In the United States, cookies are described as thin, sweet, and usually, small cakes. A cookie by definition is described as a small, usually flat, crisp cake made from sweetened dough. It is a small hand-held, flour-based sweet cake, either crisp or soft. Cookies are known by different words in different countries. For example, what we call cookies here in America, they are called biscuits in England or Australia, while in Spain they are known as galletas. Germans call them keks (or everyday varieties) or Plätzchen at Christmas-time. Italians have different names for different varieties, like amaretti and biscotti. The word ‘cookies’comes from the Dutch work “koekje”, which means a small cake. “Biscuit” comes from Latin, meaning “twice-baked”.
In the history of the culinary arts, the cookie was created to test cakes. Bakers used a small amount of cake batter to test the oven temperature. Cookie-style cakes (or the earliest cookies) are thought to date back to the 7th century A.D. in Persia. They were on of the earliest countries to incorporate sugar into luxurious cakes and pastries in large and small versions. By the end of the 14th century, you could buy small wafers from street vendors in Paris, and cookie recipes were included in many recipe books.
As explorers ranged the globe, biscuits known as ‘hardtack’ were popular as a food for travel, because they stayed fresh for long periods of time and they were the perfect portable traveling food. A ship’s biscuit (a hard, iron-like cracker) was popular for sea-farers because it would keep for many months (even for years under the right conditions.)
By the 17th and 18th century, baking became a recognized profession, managed by Guilds and professional associations.
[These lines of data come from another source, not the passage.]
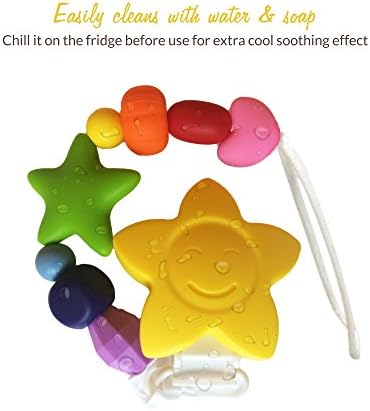 Lil' Teethers Pacifier Clip for Teething Baby. Easily attach to Mam, Soothie Pacifiers &amp; Teething toys. Made in FDA Facility with 100% Food Grade Silicone. BPA Free. Rainbow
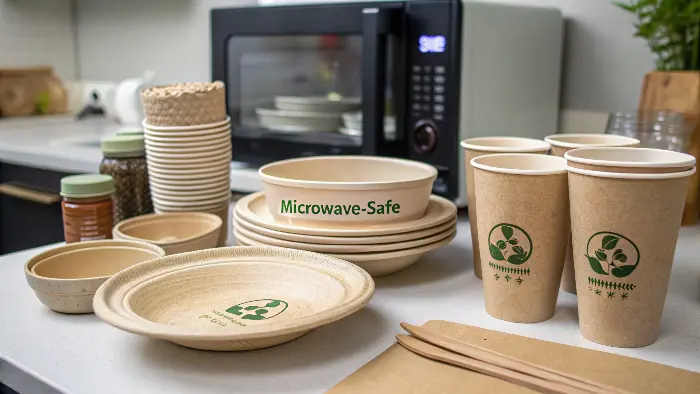 Microwave-safe symbol on eco-tableware packaging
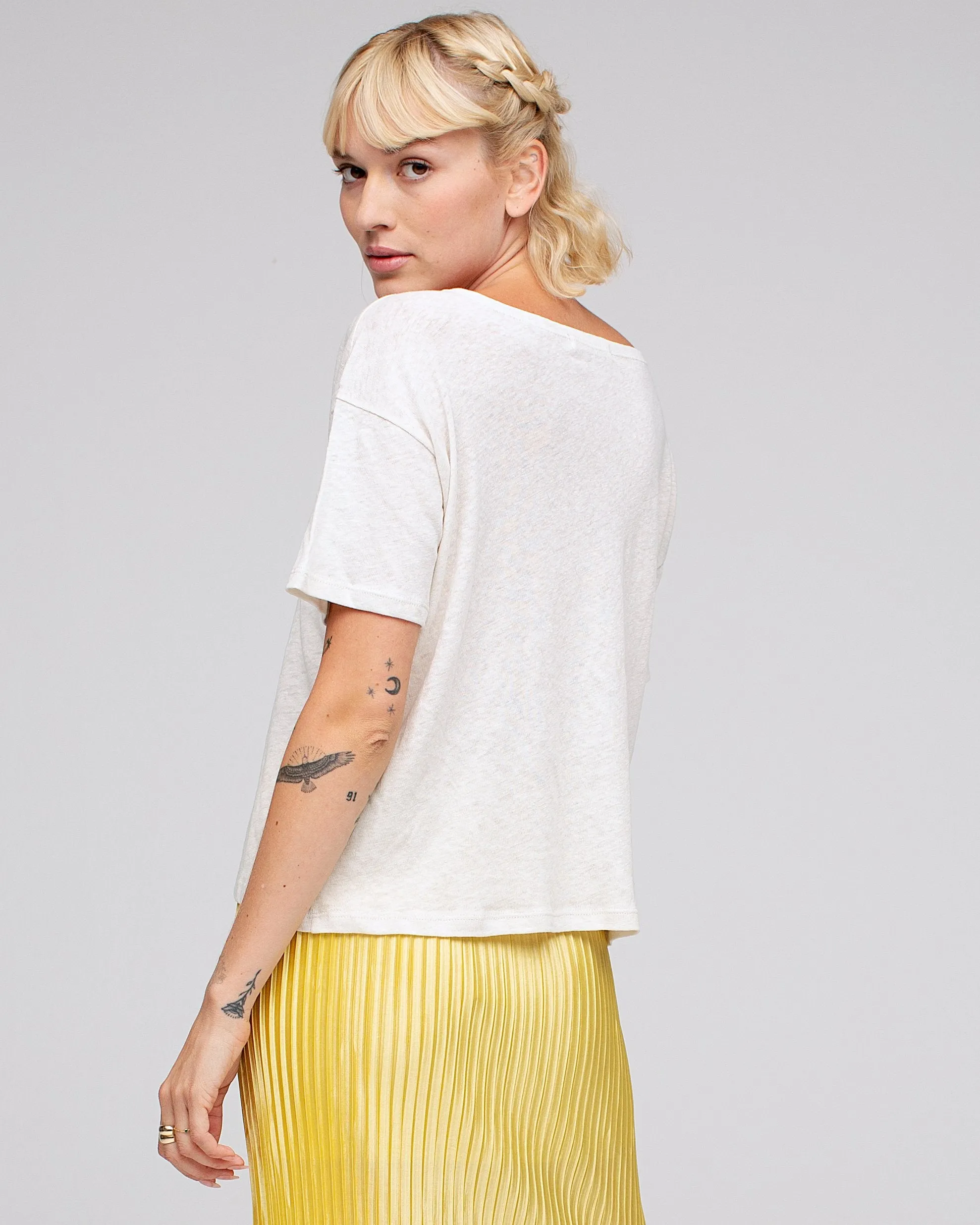 Women's Linen Crop Tee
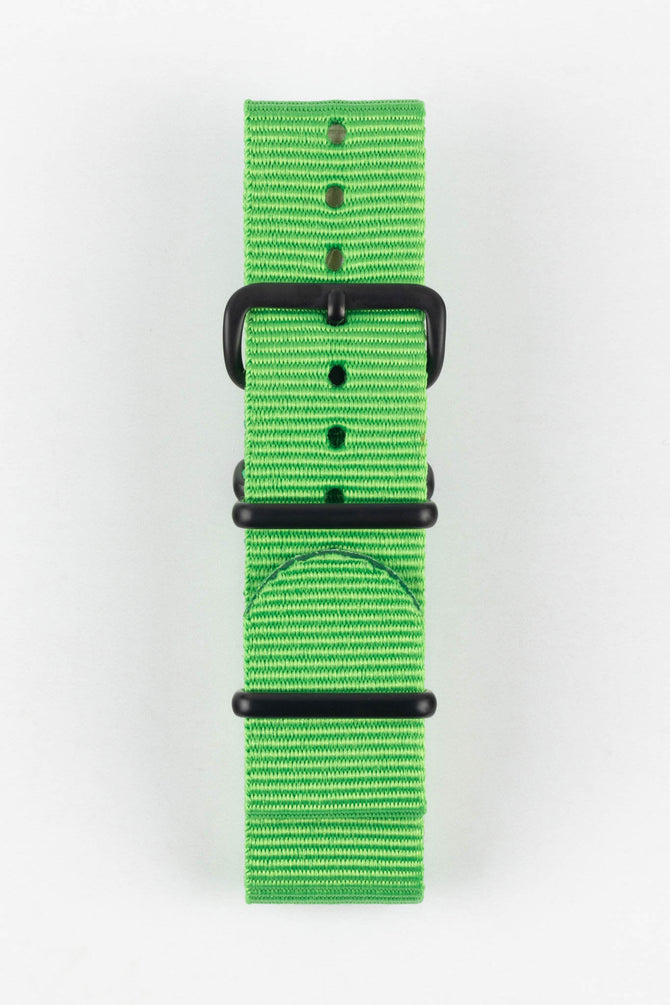 Nylon Watch Strap in BRIGHT GREEN with PVD Buckle and Keepers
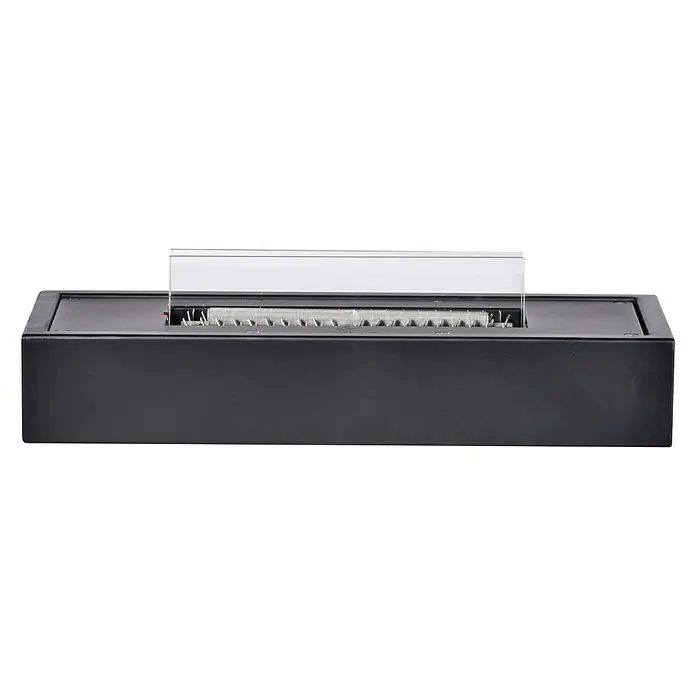 Tenderflame Tischfeuer 180 - 38 x 16 x 7 cm, Füllmenge: 1,1 l, Schwarz - Vorderansicht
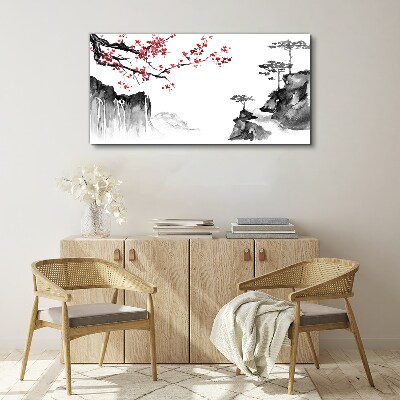 Tablou canvas Peisaje florale în stil japonez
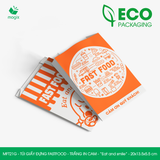  MFT21G - Túi giấy đựng fastfood - Trắng - In cam - "Eat and Smile" - 20x13.5x5.5 cm 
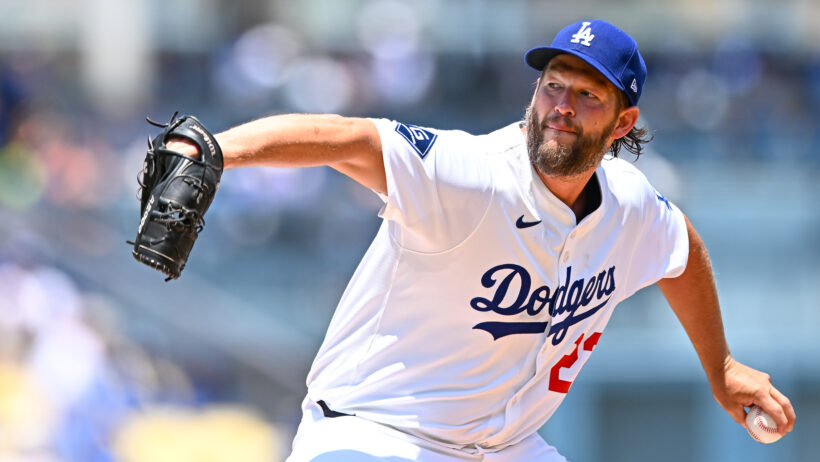 Los Angeles Dodgers starting pitcher Clayton Kershaw throws a pitch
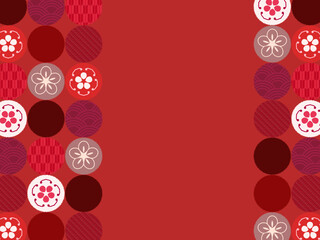 梅と和柄のかわいいフレーム背景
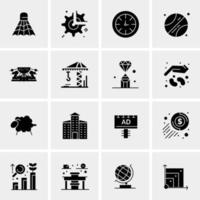 16 iconos de negocios universales vector ilustración de icono creativo para usar en proyectos relacionados con la web y dispositivos móviles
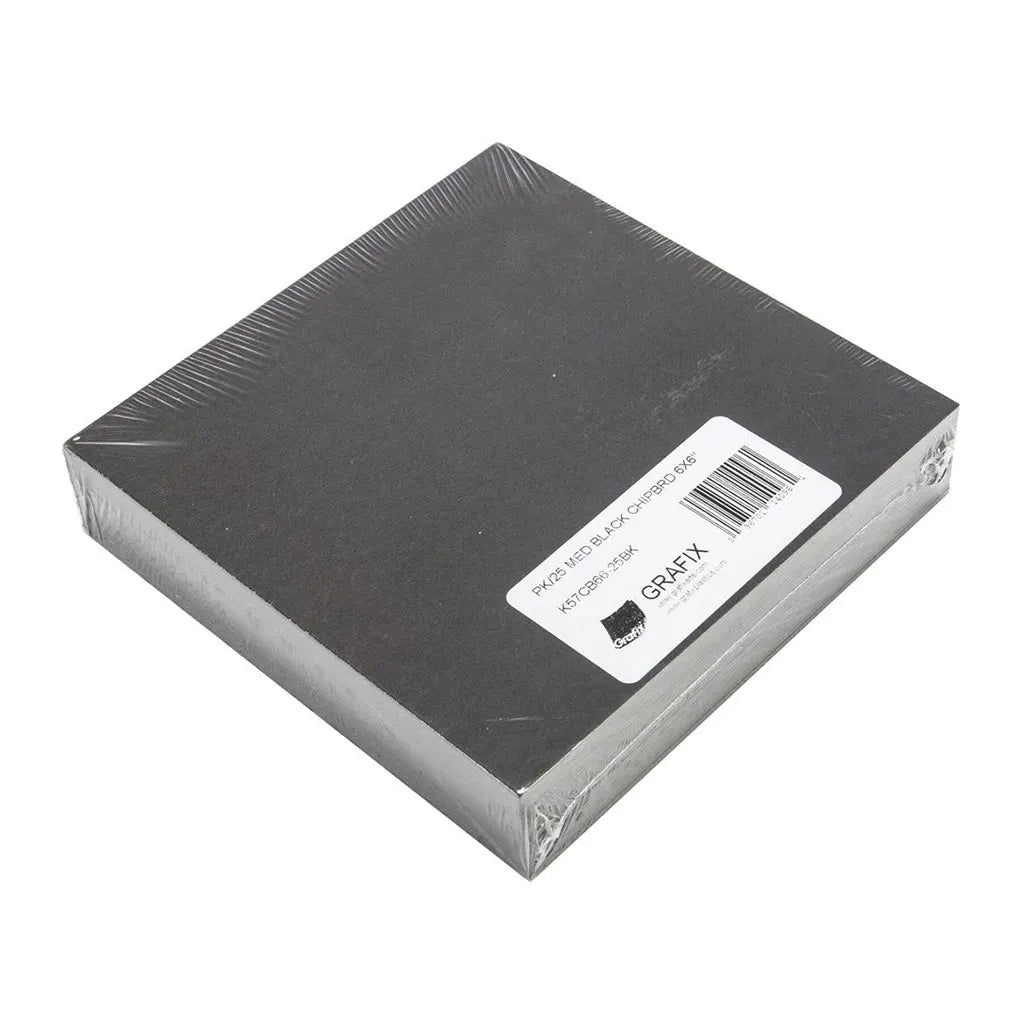PK/25 MED BLACK CHIPBRD 6X6"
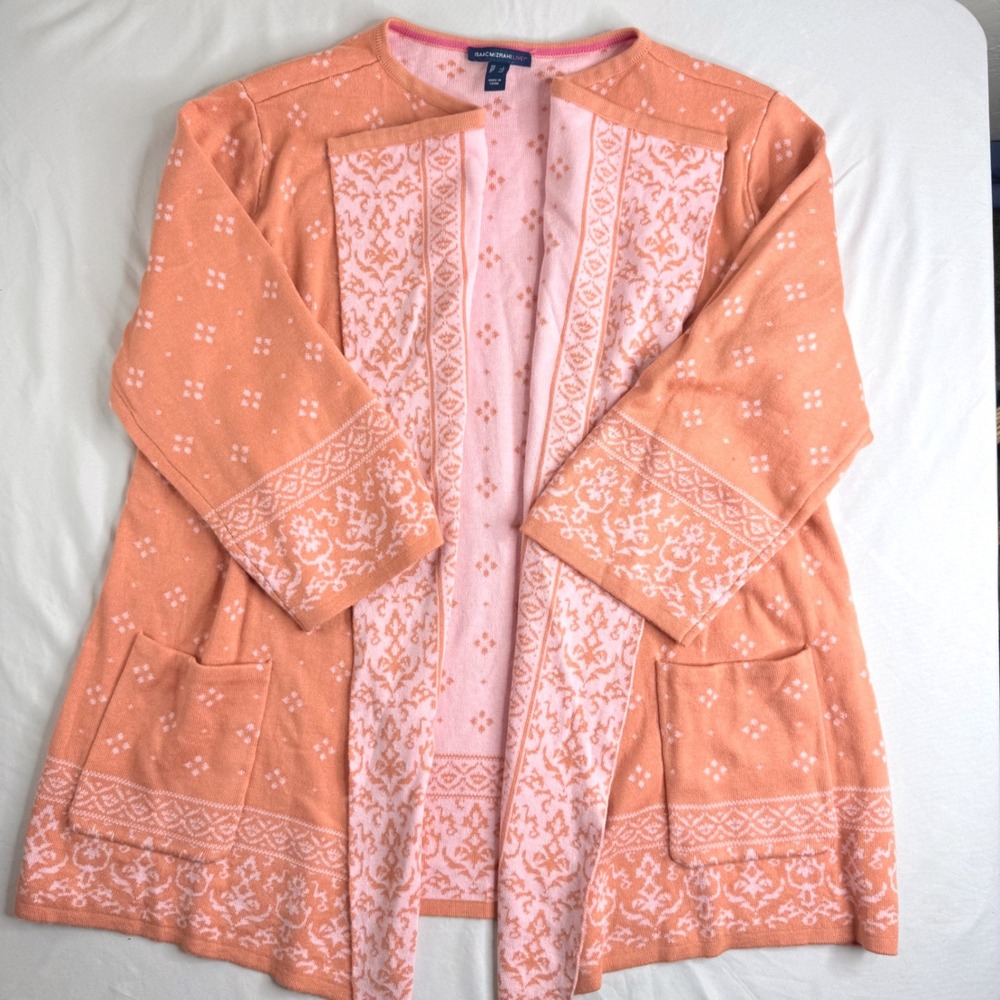 Isaac Mizrahi Live XL Coral Pink Damask Open Front Cardigan Sweater Pockets
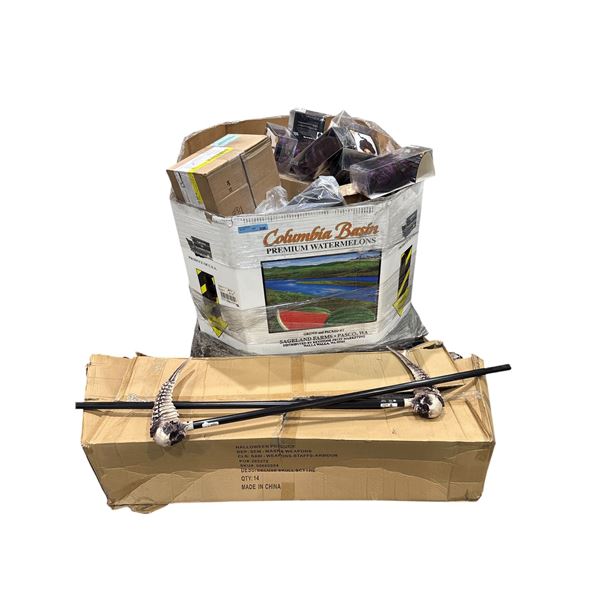 Pallet of misc. items - prop skull scythes, wigs, Denali snowshoe kit, water sports equipment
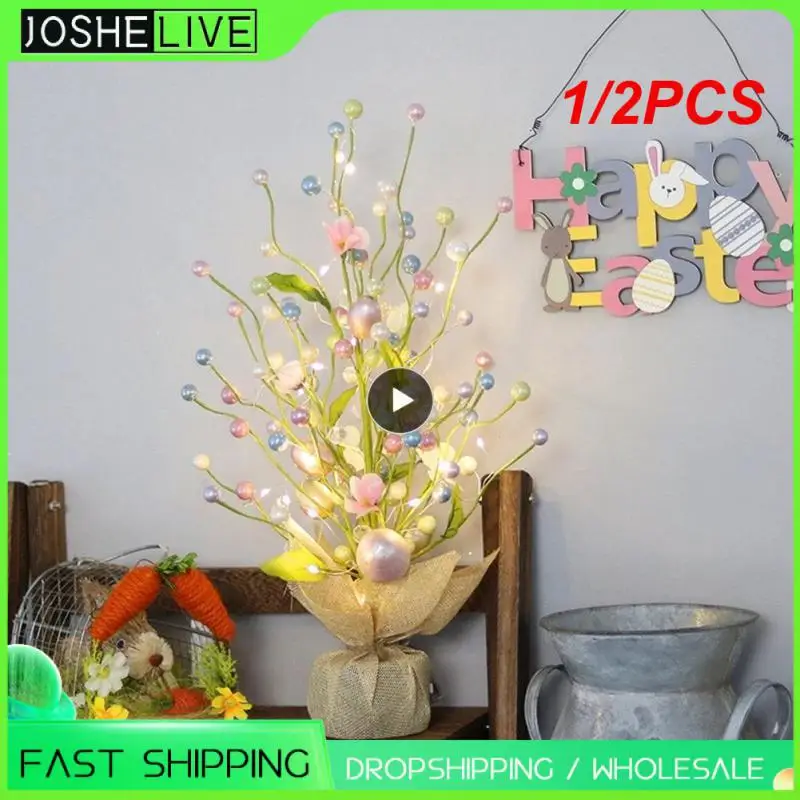 

1/2PCS 45cm Easter Decorations LED Egg Tree Colorful Fake Plant Flower Easter Spring Party Home Decor Happy Easter Gift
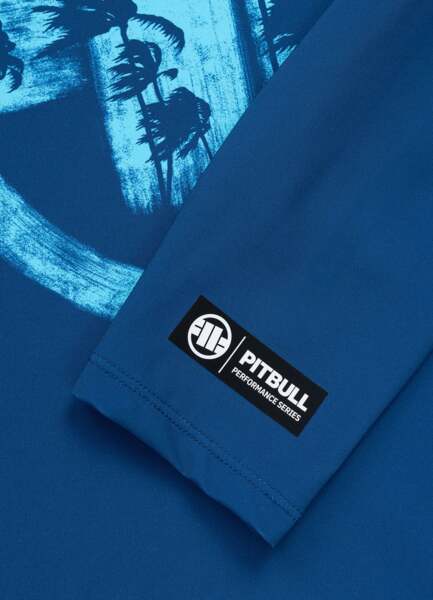 Rashguard longsleeve PIT BULL "LOGO PALMS" - niebieski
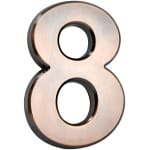 Numar de casă, „8”, cu bandă adezivă, bronz, 70x100 mm, ABS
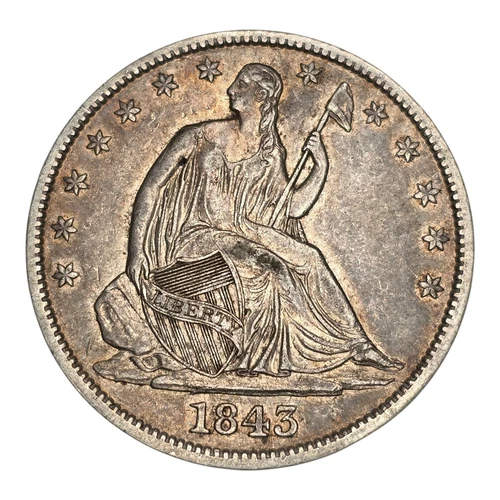 WOW 1843 P SEATED LIBERTY HALF DOLLAR US SILVER COIN XF+ DIE CRACK PHILADELPHIA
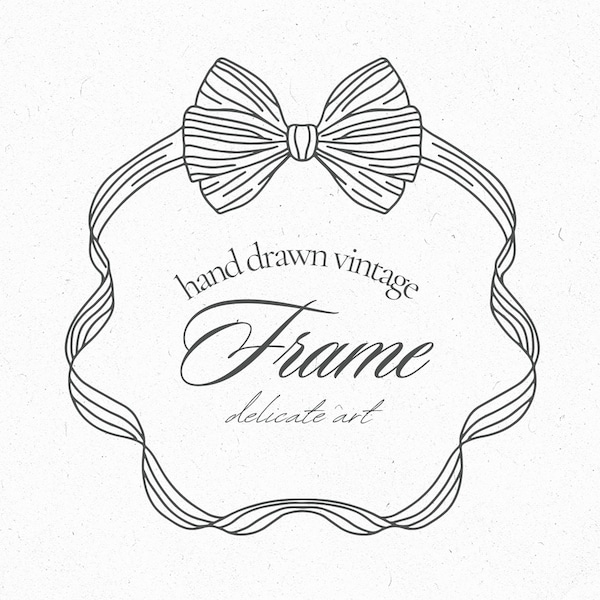 Baroque Ribbon Bow Vintage Crest Frame PNG SVG, Monogram Frame, Logo Clipart, Wedding Wreath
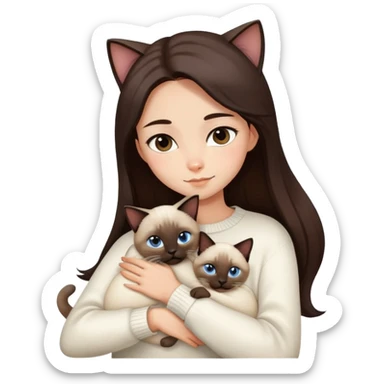 a girl with long dark brown hair, in a white sweater, hugs a Siamese cat sticker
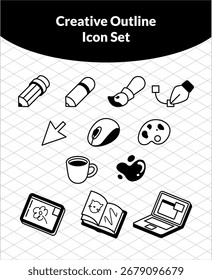 Creative outline icon set with pencil brush palette sketchbook laptop and other black and white minimal line art drawing icons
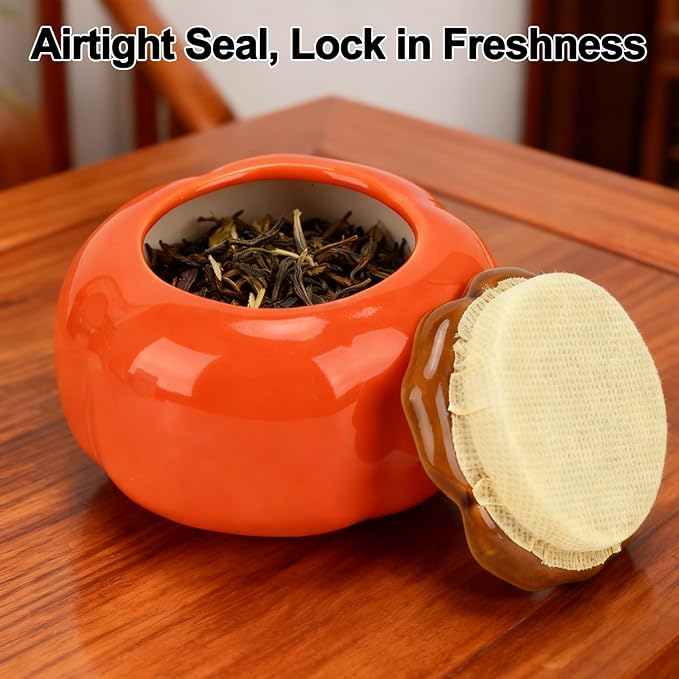 2-Pack Tea Canisters-Orange Ceramic Canisters with Airtight Lid - Beautiful Kitchen Storage for Loose Leaf Tea, Coffee, Sugar, Spices, Cookies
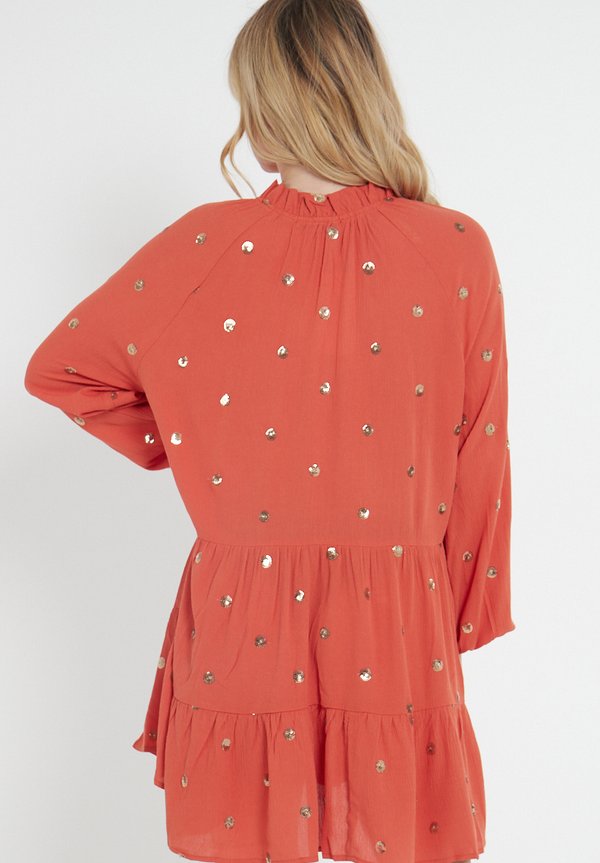 EMBELLISHED TIERED WITH TIE NECK - Day dress - rust4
For one to enter the baking profession, they had to complete a lengthy apprenticeship and work their way through the ranks, from apprentice to journeyman and through to a master baker. The Guilds provided a way for the authorities to regulate the quality and amount of good baked.
As technology advanced with the Industrial Revolution in the 19th century, the baking industry also increased its abilities. A wide range of sweet and savory biscuits were created for commercial consumption. Despite the ever increasing varieties or biscuits and cookies available, the essential ingredients remained the same, which included soft wheat flour (containing less protein than the flour they used to make bread), sugar and fats (butter or oil).
The first cookies were brought to the United States by the English, Scotch and Dutch immigrants. Cookies like the simple butter cookies and shortbread cookies are examples of those influences. In the South, the colonial housewife served cookies which were simply known as tea cakes. They were often simple versions flavored with nothing more than butter and perhaps a little rose water. The early American cookbooks at that time did not list cookies in a section of their own, but cookies were included at the end of the cake chapter and were called Jumbles, Plunkets or Cry Babies. The first cookbook authored by and American and published in the United States in 1796 called “American Cookery” or “The Art of Dressing Viands, Fish, Poultry and Vegetables and the Best Modes of Making Puff-Pasties, Pies, Tarts, Puddings, Custards and Preserves and All Kinds of Cakes” by Amelia Simmons included two recipes for cookies, one simply called ‘Cookies’ and the other called “Christmas Cookey”.
Expansion in travel helped the creation of many different varieties of cookies. The railroad’s expansion in the 1800’s provided access to many places where new types of ingredients could be obtained. For example, from the South, coconuts were now available as a product to include in a variety of baking, or oranges from the West. Development in industrial made foods also added products that could be incorporated into the making of cookies. For instance, Kellogg Brothers invented cereals that could be added in to make different types of cookies. Electric refrigerators developed in the industrial age brought forth the opportunity to make ice-box cookies. Today there hundreds, perhaps thousands, of cookie recipes in United States cookbooks, with many, many cookie varieties.